Most murder mysteries have a sense of the absurd, but this one, by current Exeter student Sarah Hand, goes further than most. Halfway through an awkward dinner party, the host escorts his guests and angry wife into the greenhouse, locks them in and tells them that nobody leaves until he’s discovered who murdered his plants. The chaos that follows is well-observed and well acted: Struan Murray is perfect as the deranged host Ronald, one moment threatening a guest with a trowel and the next cooing over his plants, Annina Lehmann has a lot of fun with the role of mysterious femme fatale Vlada, who angrily insists that she’s from Croydon, and Nicholas Pullen makes the most of his role as a bluff, hearty guest who always says the wrong thing (sample: “Well, Ronald, you may have lost your wife and your son and your friends, but you’ve kept your…er, your integrity. Yes.”)

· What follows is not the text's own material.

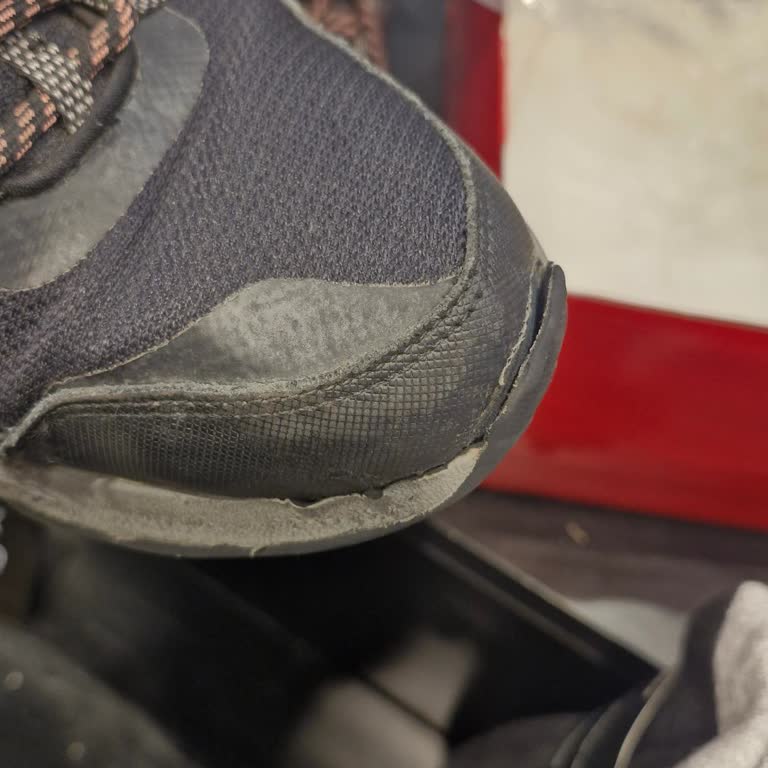 Skechers Ayakkabıda 6 Ay İçinde Yapışkanlık Sorunu Ve Değişim Talebi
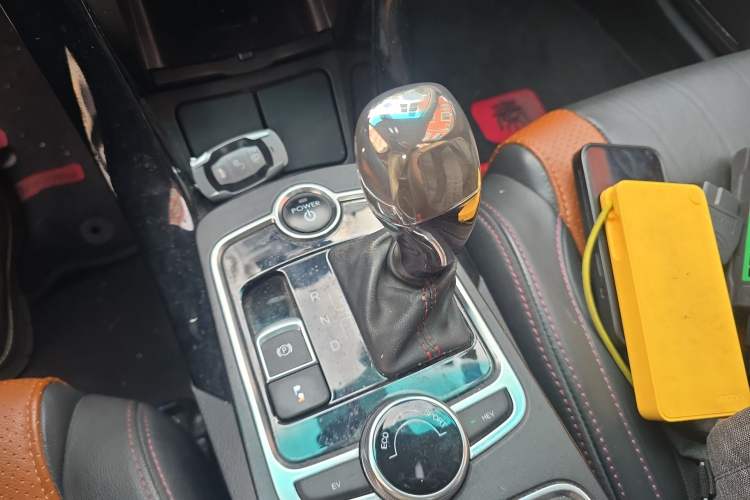 Used BYD Qin New Energy 2015 1.5T Dual-Crown Flagship Plus Edition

Where the play falls down is in plotting: for a murder mystery, there isn’t a lot of mystery or that many red herrings, and though there are a lot of good one-liners, it can’t quite match Whodidit? at the TSAF last year for sheer deranged, sustained invention, though I loved the fact that the three couples present are Mr. and Mrs. A, B, and C. It’s a lot of fun, very well characterised and it fits perfectly into the Pilch Studio, which has exactly the right reverberant acoustic to bounce Ronald’s shouting off for maximum effect, but it never quite becomes brilliant comedy.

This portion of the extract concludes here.